Task objective :: In the material below, find the line with "bontott FIAT STILO" and the line with "ảnh 1 Chinese", then output both and every line between them exactly, omitting pictures.

Exercise inputs ::
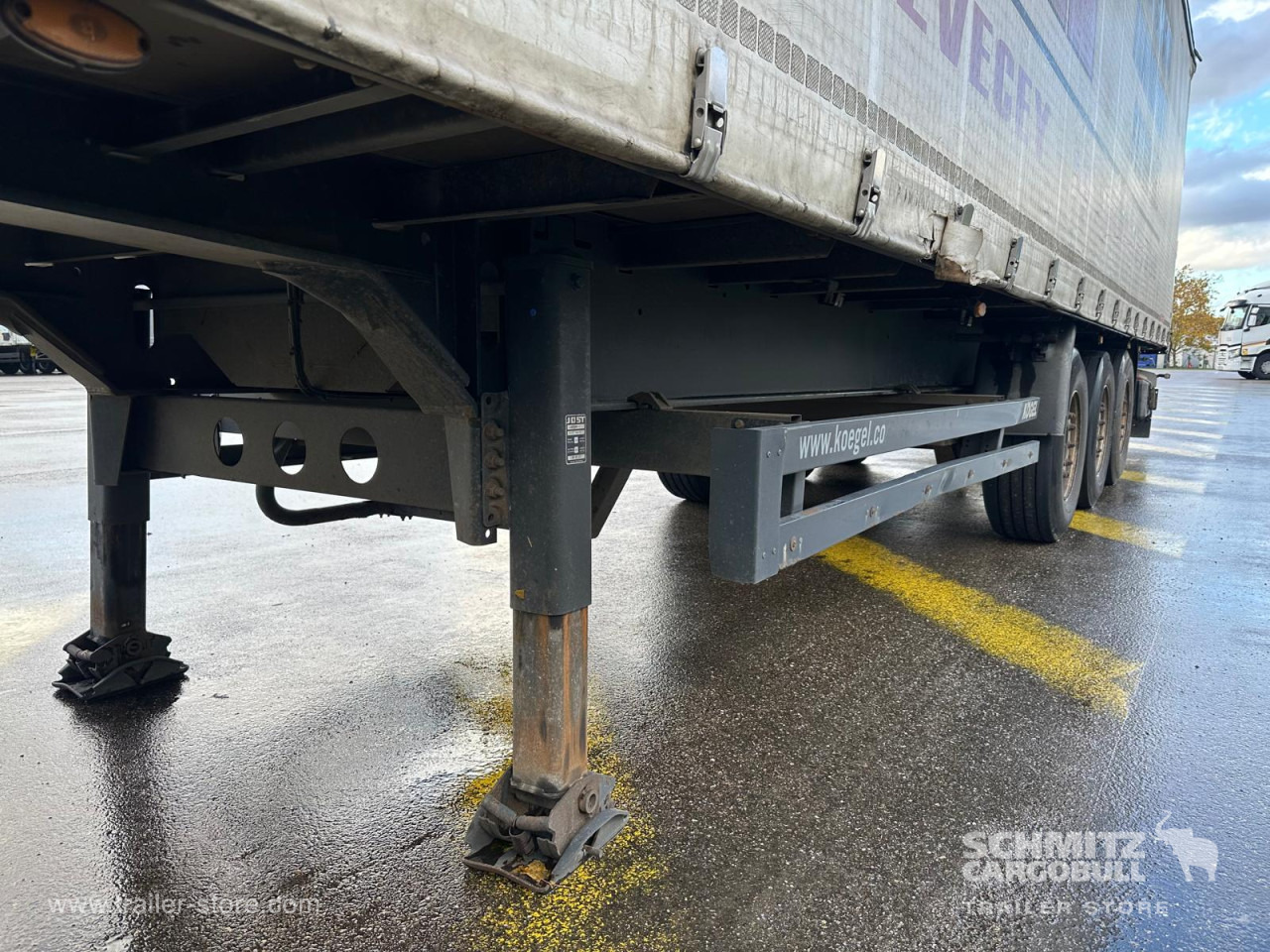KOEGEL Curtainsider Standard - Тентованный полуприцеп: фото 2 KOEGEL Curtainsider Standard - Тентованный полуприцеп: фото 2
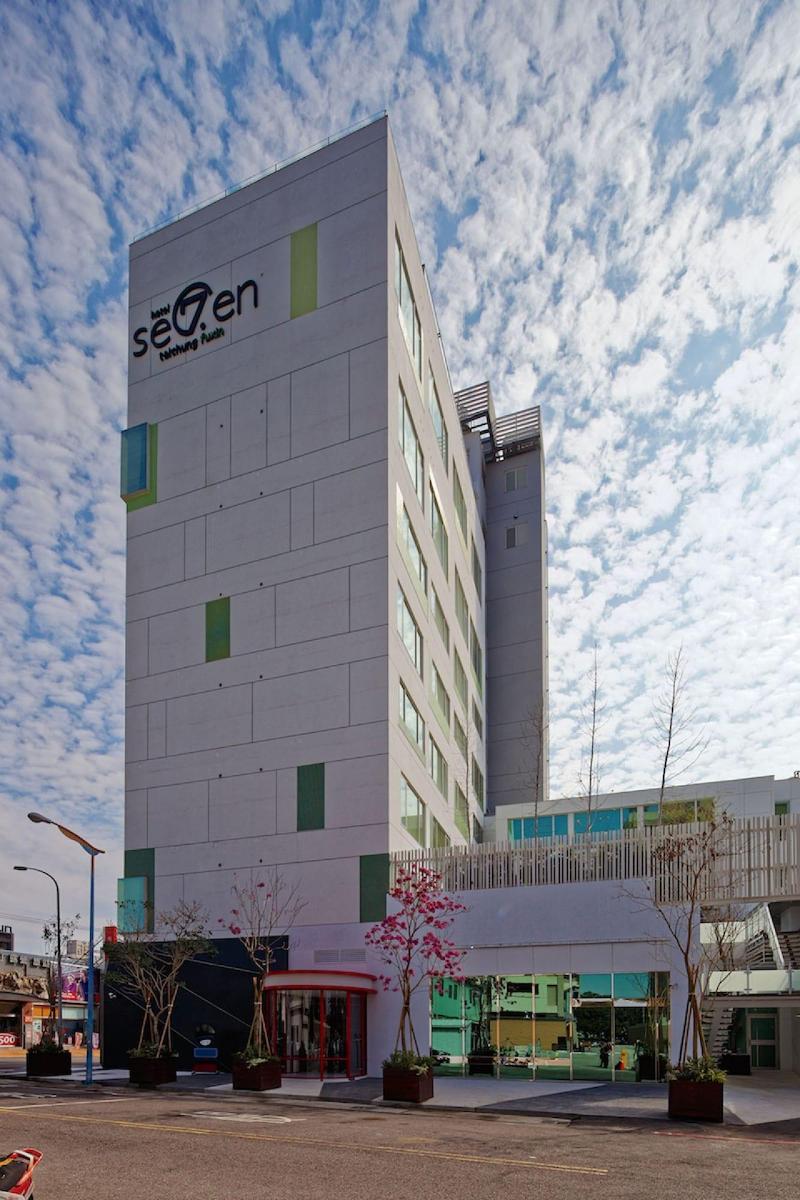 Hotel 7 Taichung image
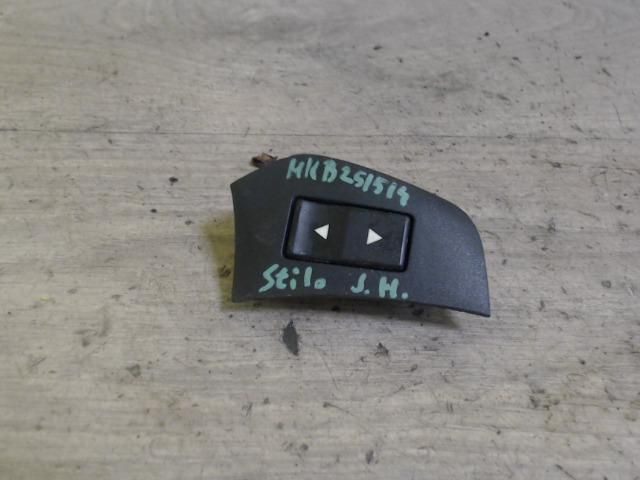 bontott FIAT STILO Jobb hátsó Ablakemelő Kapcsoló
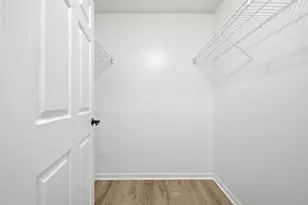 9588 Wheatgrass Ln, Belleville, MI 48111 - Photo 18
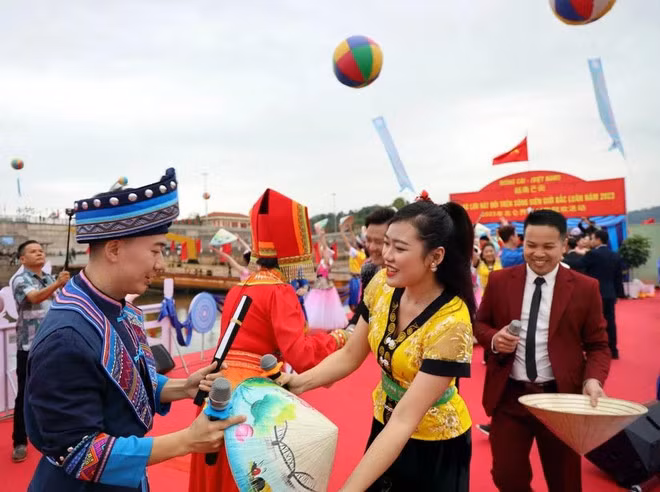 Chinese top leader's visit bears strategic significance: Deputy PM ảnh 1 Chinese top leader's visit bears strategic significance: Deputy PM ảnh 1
* * *
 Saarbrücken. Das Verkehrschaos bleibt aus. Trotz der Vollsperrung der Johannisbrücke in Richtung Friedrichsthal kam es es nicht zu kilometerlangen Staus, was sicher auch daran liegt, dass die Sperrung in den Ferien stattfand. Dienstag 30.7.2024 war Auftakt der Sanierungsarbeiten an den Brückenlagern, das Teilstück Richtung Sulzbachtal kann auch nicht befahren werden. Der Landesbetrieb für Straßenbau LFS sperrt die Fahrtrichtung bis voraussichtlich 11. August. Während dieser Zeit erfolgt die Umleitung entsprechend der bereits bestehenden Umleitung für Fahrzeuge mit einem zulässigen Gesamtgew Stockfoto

Response for this exercise ::
 bontott FIAT STILO Jobb hátsó Ablakemelő Kapcsoló
 9588 Wheatgrass Ln, Belleville, MI 48111 - Photo 18
 Chinese top leader's visit bears strategic significance: Deputy PM ảnh 1 Chinese top leader's visit bears strategic significance: Deputy PM ảnh 1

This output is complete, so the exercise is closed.